RAW DATA Start Marker
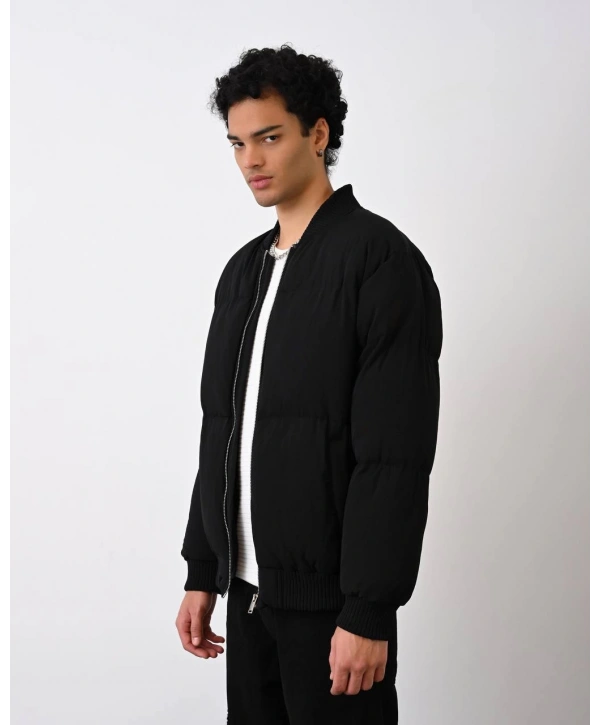 Erkek Beli Lastikli Şişme Mont-Siyah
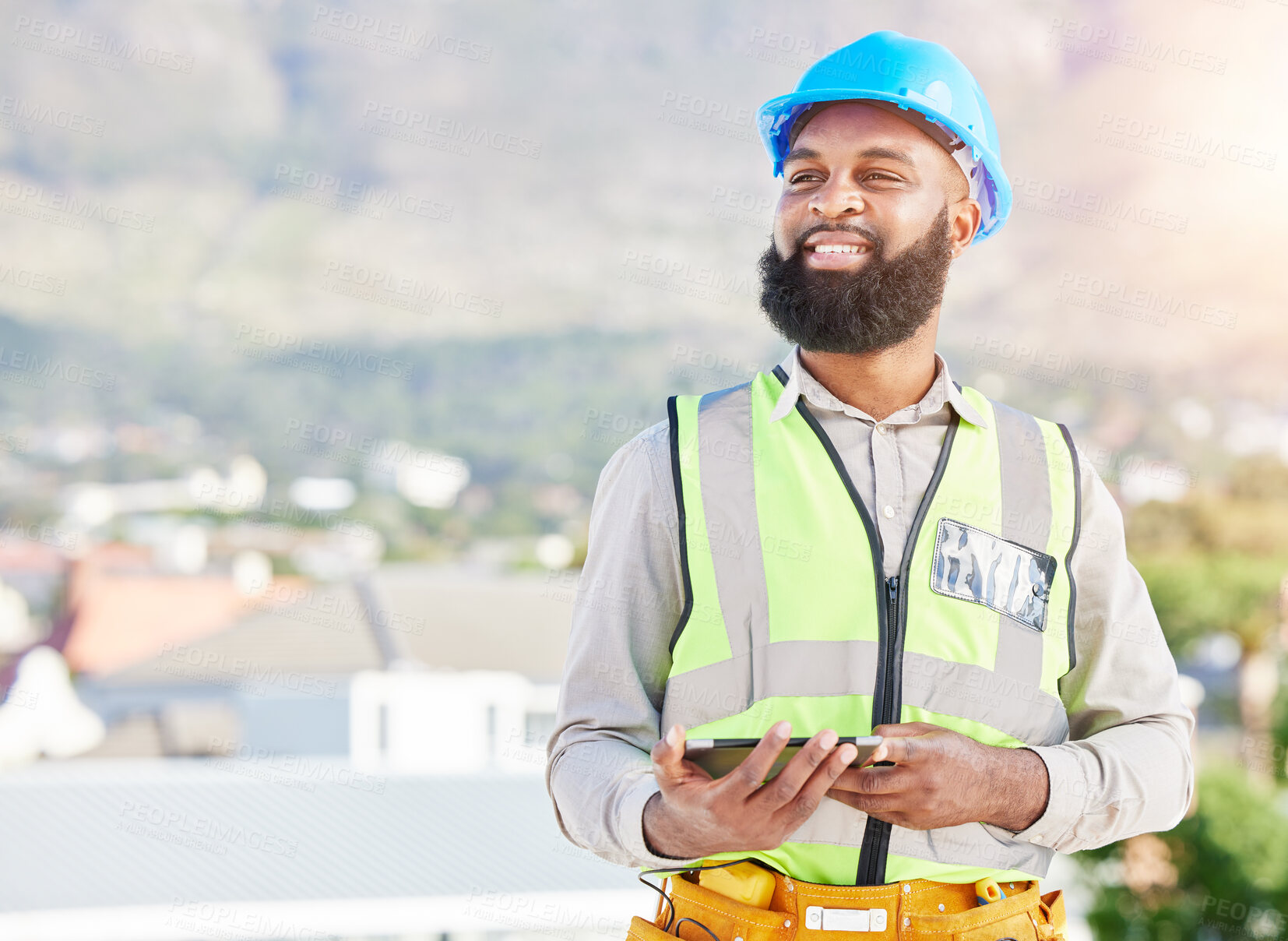 Buy stock photo Happy black man, architect and tablet in city for construction, vision or rooftop installation. African male person, engineer or contractor smile on technology in architecture or project plan on site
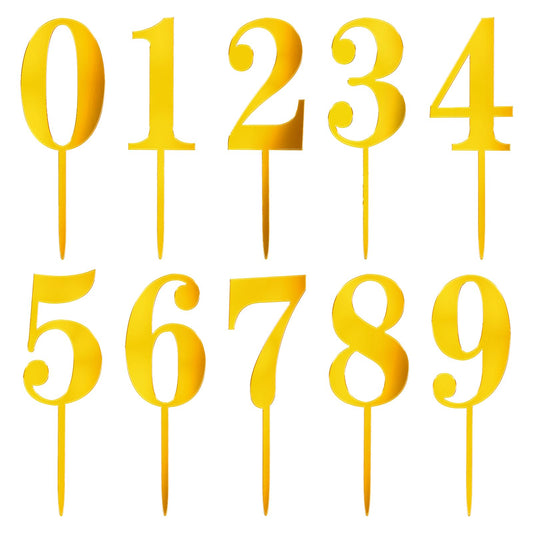 10Pcs 0-9 Number Cake Topper Acrylic Mirror Cupcake Toppers Shiny Golden Topper Sticks Personalized Picks Happy Birthday Cake Decorations for Christmas Wedding Party Anniversary DIY Supplies Set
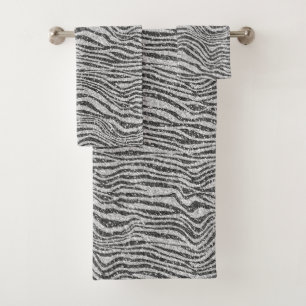 Silver Black Glitzy Zebra Print Glitter      Bath Towel Set
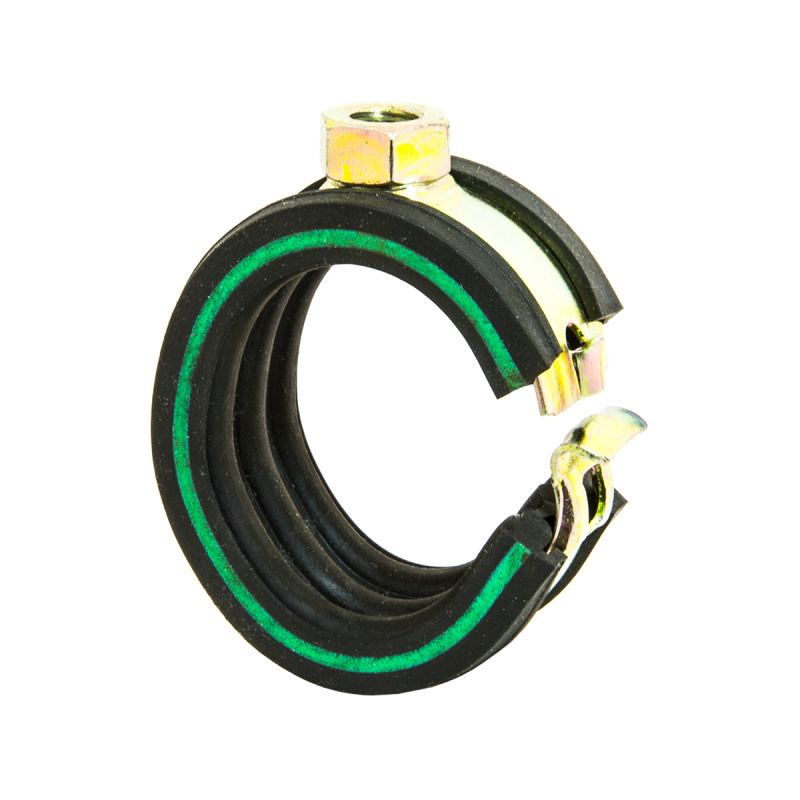 Хомут SAFETY CLIP зелен. полоса М8-30 мм. оцинк. MUPRO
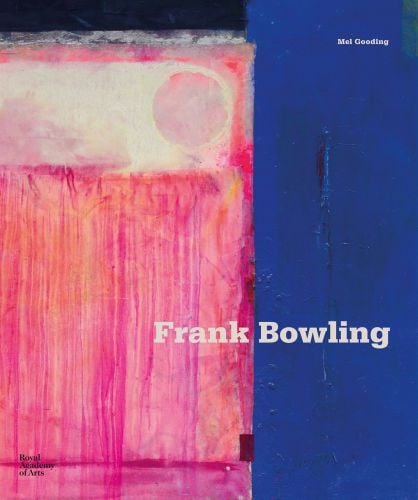 Abstract painting with electric blue panel to right and bright pink, orange and cream oblong to left side with Frank Bowling in white font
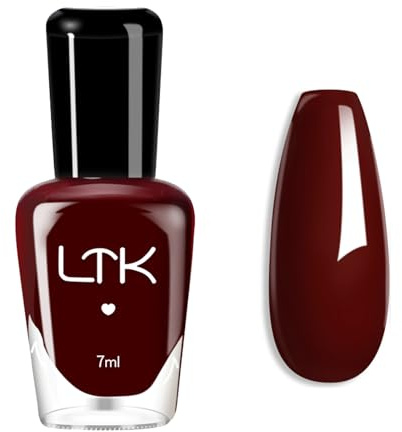 Nail Polish - Wine Red Nail Varnish - High Glossy Pure Color Nail Polish - Long Lasting Chip Resistant & Quick Drying Nail Varnish for DIY Nail Art Manicure at Home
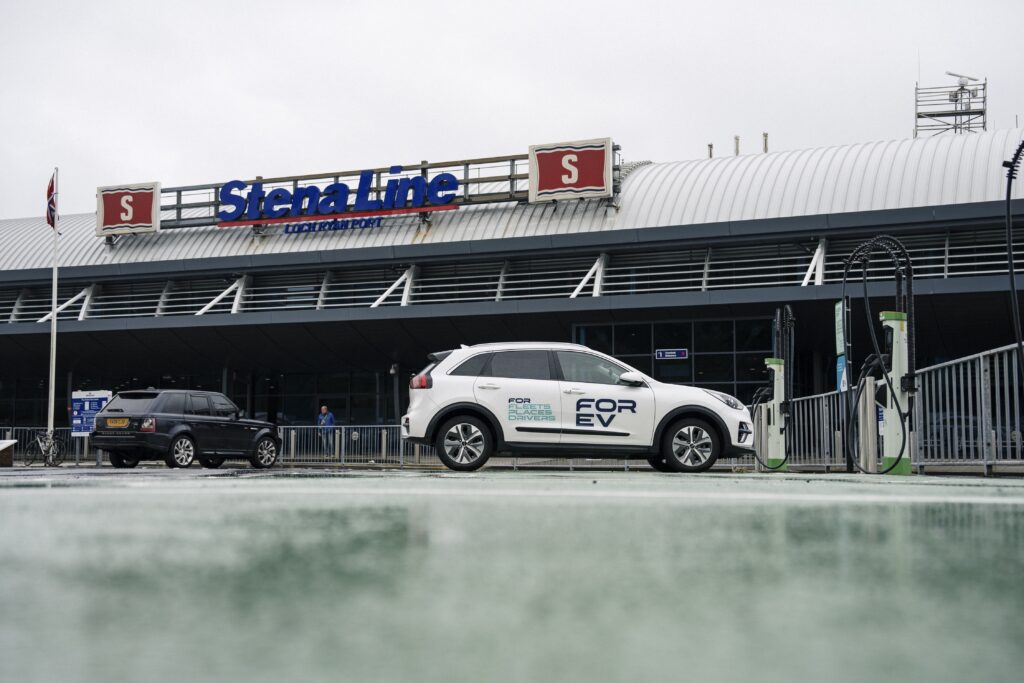 The EV charger in action outside the Cairnyan ferry port. Image supplied with release by Clark.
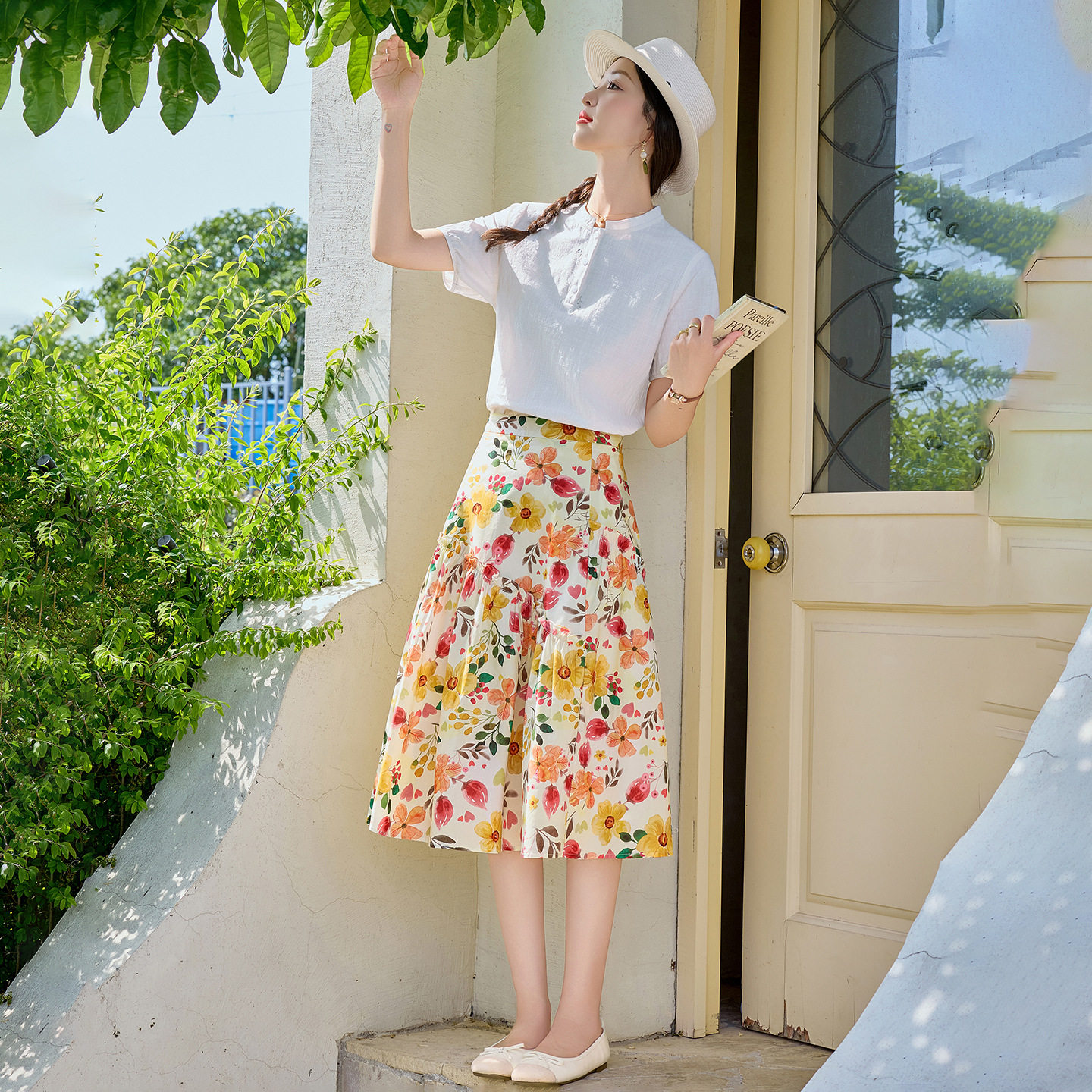 2026夏季新款T恤中长款高腰显瘦A字碎花半身裙女两件套裙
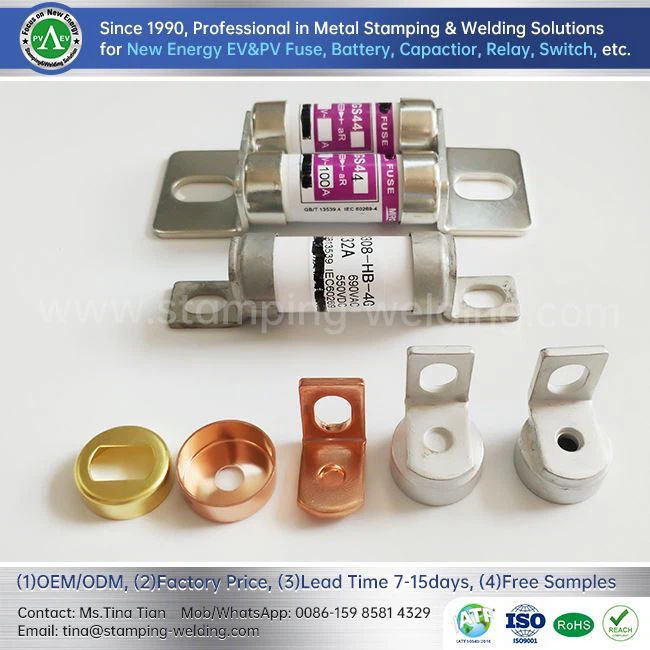 Copper End Cap Joined By Tin Brazing For EV Fuse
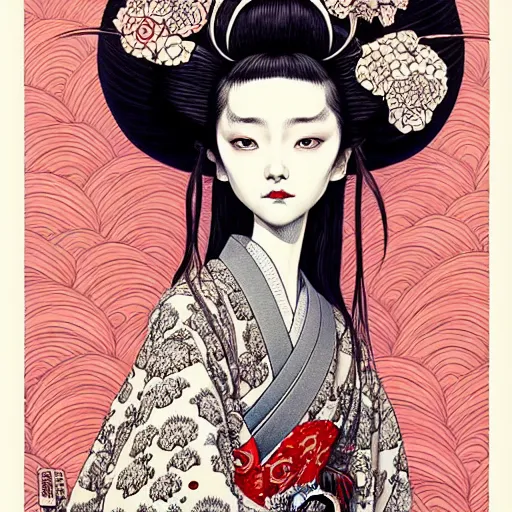 Image similar to beautiful portrait painted in jacek yerka and aykut aydogdu style drawn by vania zouravliov and takato yamamoto, inspired by geisha, intricate acrylic gouache painting, high detail, sharp high detail, artstation, manga and anime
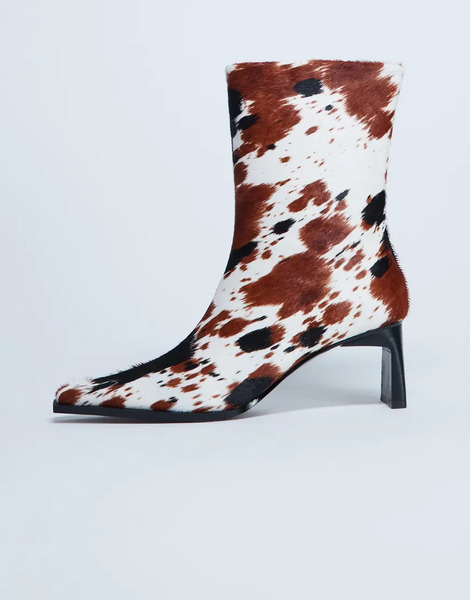  Topshop Botines De Cuero Auténtico Con Puntera Cincelada, Estampado De Vaca Y Acabado Efecto Pelo Nadie De Topshop-multicolor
RAW DATA End Marker
» **EXERCISE GOAL**
Repeat the listing above word for word. Do not include the pictures.

» **EXERCISE OUTPUT**
 Erkek Beli Lastikli Şişme Mont-Siyah
 Buy stock photo Happy black man, architect and tablet in city for construction, vision or rooftop installation. African male person, engineer or contractor smile on technology in architecture or project plan on site
 10Pcs 0-9 Number Cake Topper Acrylic Mirror Cupcake Toppers Shiny Golden Topper Sticks Personalized Picks Happy Birthday Cake Decorations for Christmas Wedding Party Anniversary DIY Supplies Set
 Silver Black Glitzy Zebra Print Glitter      Bath Towel Set
 Хомут SAFETY CLIP зелен. полоса М8-30 мм. оцинк. MUPRO
 Abstract painting with electric blue panel to right and bright pink, orange and cream oblong to left side with Frank Bowling in white font
 Nail Polish - Wine Red Nail Varnish - High Glossy Pure Color Nail Polish - Long Lasting Chip Resistant & Quick Drying Nail Varnish for DIY Nail Art Manicure at Home
 The EV charger in action outside the Cairnyan ferry port. Image supplied with release by Clark.
 2026夏季新款T恤中长款高腰显瘦A字碎花半身裙女两件套裙
 Copper End Cap Joined By Tin Brazing For EV Fuse
 Image similar to beautiful portrait painted in jacek yerka and aykut aydogdu style drawn by vania zouravliov and takato yamamoto, inspired by geisha, intricate acrylic gouache painting, high detail, sharp high detail, artstation, manga and anime
  Topshop Botines De Cuero Auténtico Con Puntera Cincelada, Estampado De Vaca Y Acabado Efecto Pelo Nadie De Topshop-multicolor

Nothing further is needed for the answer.